Brief >> The entries below contain pictures, which are to be left out; write out exactly, and only, the lines from the line with "a bedroom with" up to and including the line with "A Man Driving".

Input data >>
....................

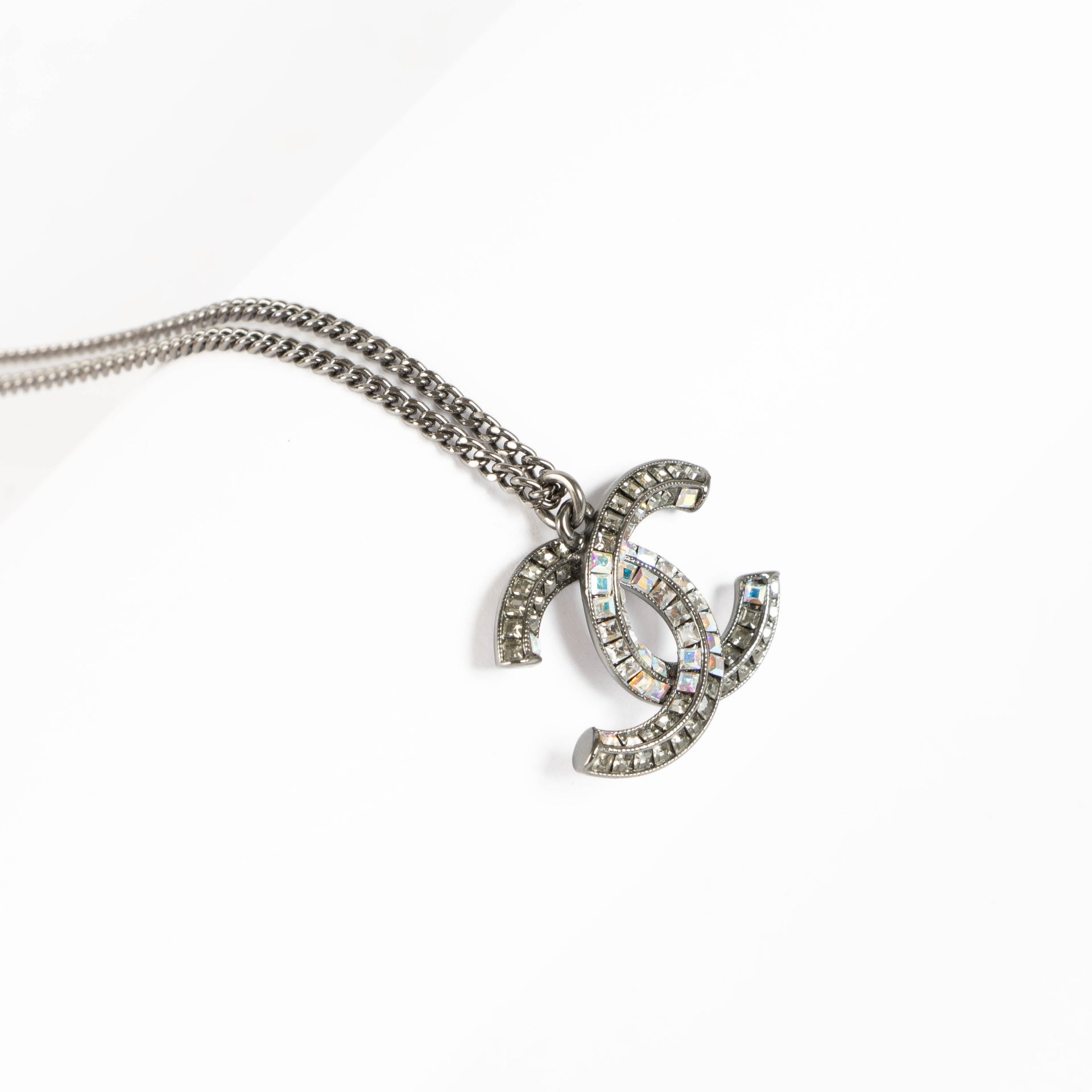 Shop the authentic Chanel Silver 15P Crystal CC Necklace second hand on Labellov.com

....................

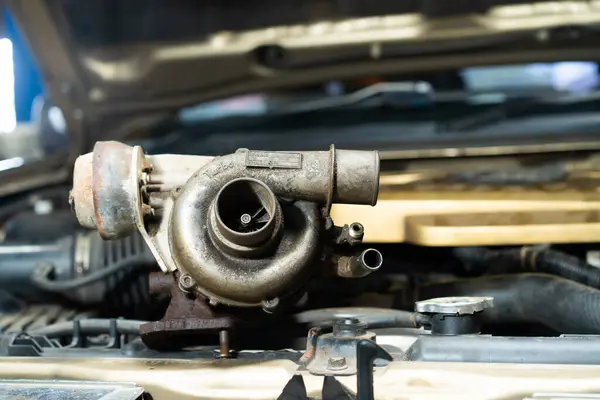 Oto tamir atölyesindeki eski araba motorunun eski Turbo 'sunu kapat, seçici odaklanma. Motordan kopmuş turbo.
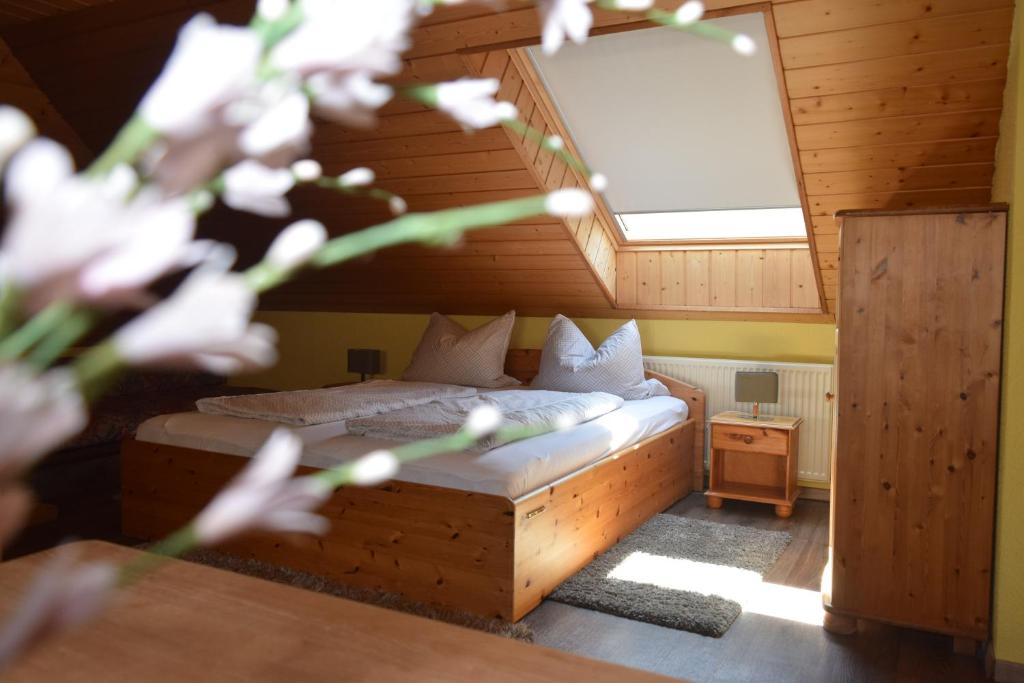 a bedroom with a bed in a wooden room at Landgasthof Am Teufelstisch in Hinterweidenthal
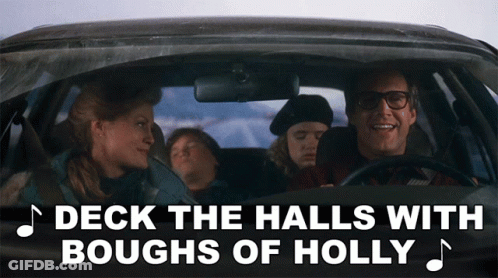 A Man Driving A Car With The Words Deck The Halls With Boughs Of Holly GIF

....................

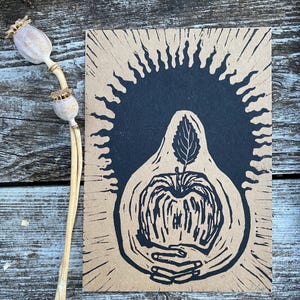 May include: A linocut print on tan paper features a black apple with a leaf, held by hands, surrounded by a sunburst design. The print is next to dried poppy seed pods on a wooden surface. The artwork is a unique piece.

....................

Output for this task >>
 a bedroom with a bed in a wooden room at Landgasthof Am Teufelstisch in Hinterweidenthal
 A Man Driving A Car With The Words Deck The Halls With Boughs Of Holly GIF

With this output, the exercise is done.